Immunohistochemistry and morphometric analysis of cryosections
The results for the CD 31 positive area expressed as the percent of area of the total tumor area, are summarized in Table 3 and Figure 4. Figure 4A illustrates that the percent of CD 31 positive area was decreased by EMF treatment. Figure 4B shows the significant negative relationship between the necrotic fraction and the percent of CD 31 area. The EMF treatment at 15 mT per day gave the largest extent of necrotic tumor volume (least fraction of % area positive for CD 31) and approached the plateau of maximum therapeutic effectiveness in this study.
The results illustrated in Figure 5A show that the % of CD 31 positive area was significantly related to the viable tumor fraction. However, Figure 5B illustrates that the CD 31 positive area is not significantly related to tumor growth. This could be interrupted to mean that blood supply is critical to tumor survival however adequate blood supply does not guarantee tumor growth. Cells may be dying or cell cycle may be arrested, thus growth will be slowed, even in the presence of adequate blood supply.
Review of EMF treatment conditions used to retard tumor growth
The EMF exposure conditions used in the present and past literature reports are summarized in Table 4. The data in Table 4 indicates significant reduction of tumor growth in the different cancer tissue cell types studied. The effective pulse frequencies used range from 0.16 to 480 Hz and from 0.6 mT to 250 mT. All treatments were given either once or twice a day. Both sine wave and semi sine wave frequency signals significantly retarded tumor growth. No known comparative study has been reported to determine the wave form that best retards tumor growth .
The current study found that lengthening the duration of exposure to a 10 mT, 120 Hz semi sine wave EMF signal from between 3 to 40 minutes once a day did not significantly increase retardation of tumor growth. However, increasing the intensity of exposure from 10 to 15 to 20 mT for 10 minutes did dose responsively increase the tumor doubling time. Exposure to 20 mT for 10 minutes twice a day gave the longest lengthening of tumor growth doubling time. In another study Tatatova et al.  reported that increasing daily exposure to 1 Hz at 100 mT for 60 or 180 min did not cause significant retardation of tumor growth but exposure for 360 minutes twice a day did cause a significant reduction.

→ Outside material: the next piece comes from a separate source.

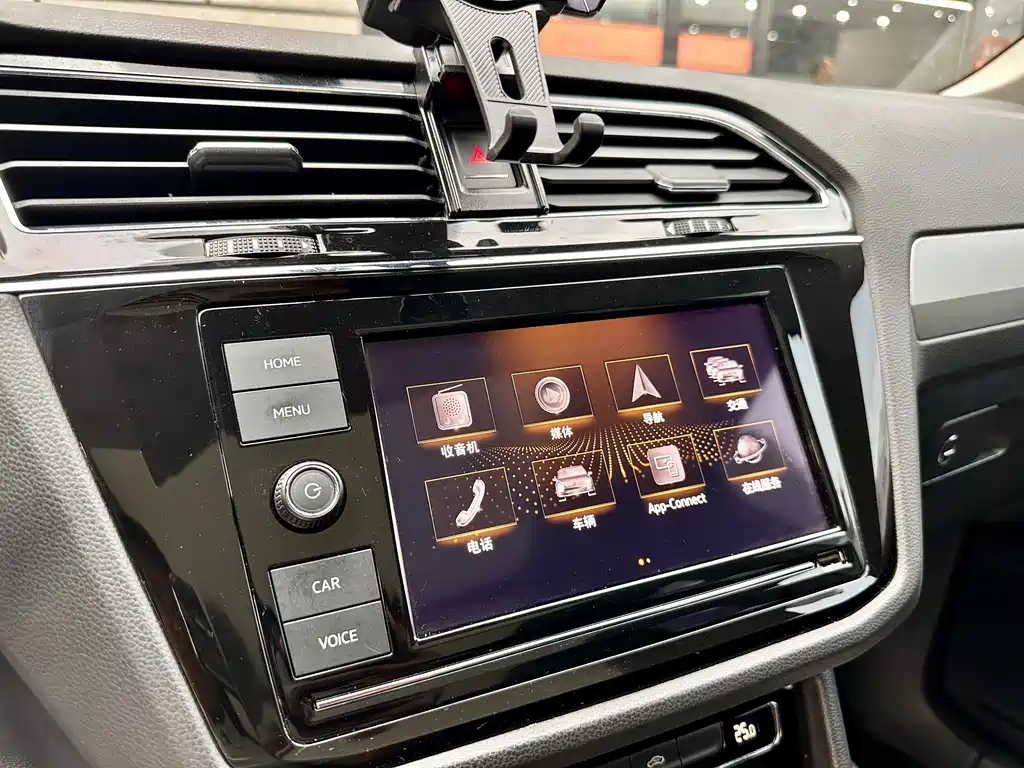 Volkswagen Tiguan L 2019 — фото 16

None of the EMF conditions reviewed resulted in tumor regression. Thus more research is still needed on the optimization of EMF exposure condition for cancer therapy however slowed tumor growth without adverse side effects could still provide clinical benefit for patients in combination or independent from conventional cancer chemo- or irradiation therapies.
Mechanism of action of EMF on retardation of tumor growth
Data in the current and past reports , suggests that a therapeutic EMF semi-sine wave at 120 Hz at 10 to 20 mT for 10 minutes a day caused a significant retardation of tumor growth accompanied by a decrease in tumor vascularization and an increase in tumor necrotic volume fraction. Figure 5 reveals the vascular volume fraction (CD 31 positive) of the tumor to be an excellent predictor of the necrotic tumor volume fraction and Figure 4 shows that an EMF intensity of 15 mT for 10 minutes a day was an optimal exposure, in this study, to decrease tumor vascular area and to increase the resulting tumor cell necrosis.

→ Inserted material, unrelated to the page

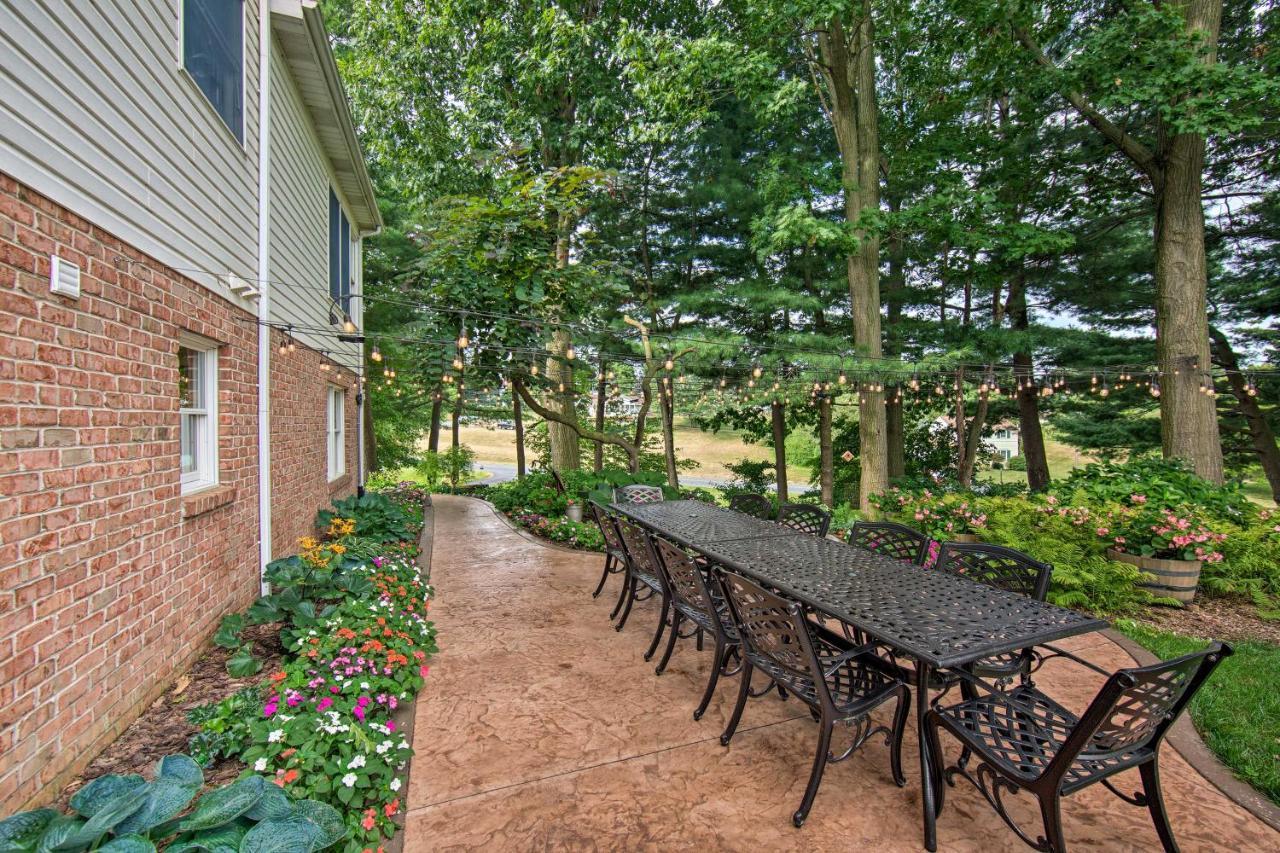 Charming Apartment With Yard And Beautiful Gardens! Manheim Exterior photo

Figures 6, A,B and 7 (from Cameron et al. ) illustrate that tumor cancer cells do not survive at distances of greater than 100–150 μm from a blood vessel. Tumor cancer cells that lack adequate oxygen become hypoxic and begin to produce hypoxia inducing factor (HIF- α). Vascular endothelial cells respond by sprouting endothelial cell pseudopods to project into the hypoxic regions of tumor cells and then form a vacuole/lumen that allows entrance of blood element, nutrients and oxygen into the hypoxic cell area . The surviving tumor cells can then continue cell growth and proliferation. This vascularization process is termed tumor angiogenesis and any condition that interferes with this process is said to be anti-angiogenic. The current report and a prior report  demonstrate that an EMF treatment of 15 mT for 10 minutes a day is a safe and effective therapy for retardation of tumor vascularization, tumor growth and metastasis.

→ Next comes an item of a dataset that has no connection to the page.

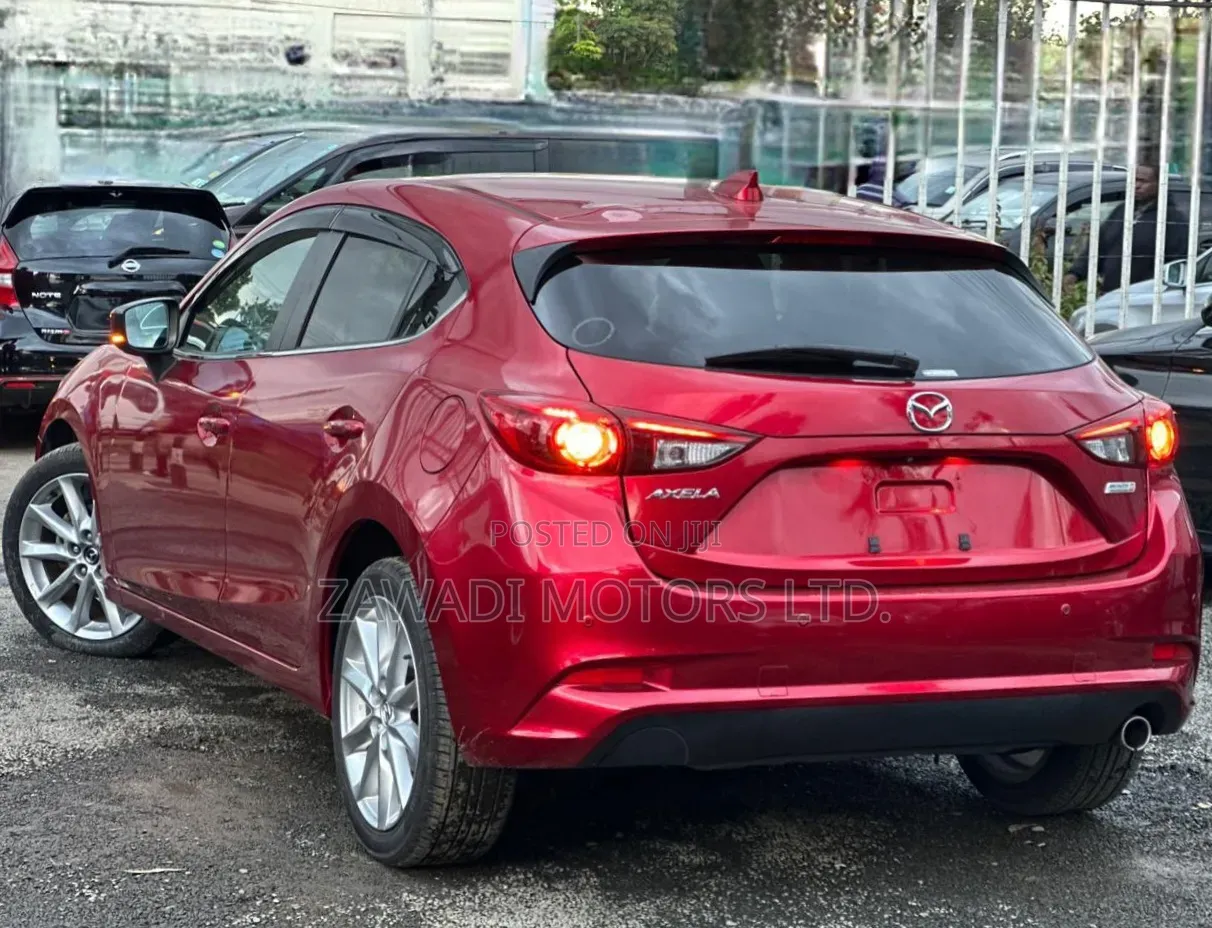 Mazda Axela 2019 Red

Therapeutic EMF treatment options
Neither the current study nor any of the past studies on use of EMF on tumor growth (Table 4) give evidence that EMF treatment resulted in tumor regression to smaller size. From this observation one can conclude that use of therapeutic EMF does not appear to provide a possible sole (stand-alone) cure for tumor cancer patients. However, therapeutic EMF has proved a safe and effective adjuvant therapy when used in conjunction with gamma irradiation treatment . The proposed reason for combining both therapeutic EMF and irradiation therapies was that each treatment focused on a different target. Irradiation and most cancer chemotherapy drugs focus on direct killing of rapidly proliferating cells while EMF appears to focus on retarding of cancerous tumor angiogenesis. The only other place in the unwounded adult human body that might require significant angiogenesis is during regrowth of uterine mucosal vascularization following menstruation in women. Thus harmful side effects of therapeutic EMF on angiogenesis in the normal adult unwounded body are very limited. The anti-angiogenesis action of therapeutic EMF appears to deprive the cancer cells of needed nutrients and oxygen and they die. Anti-angiogenesis agents can also interfere with tumor vascular metastasis .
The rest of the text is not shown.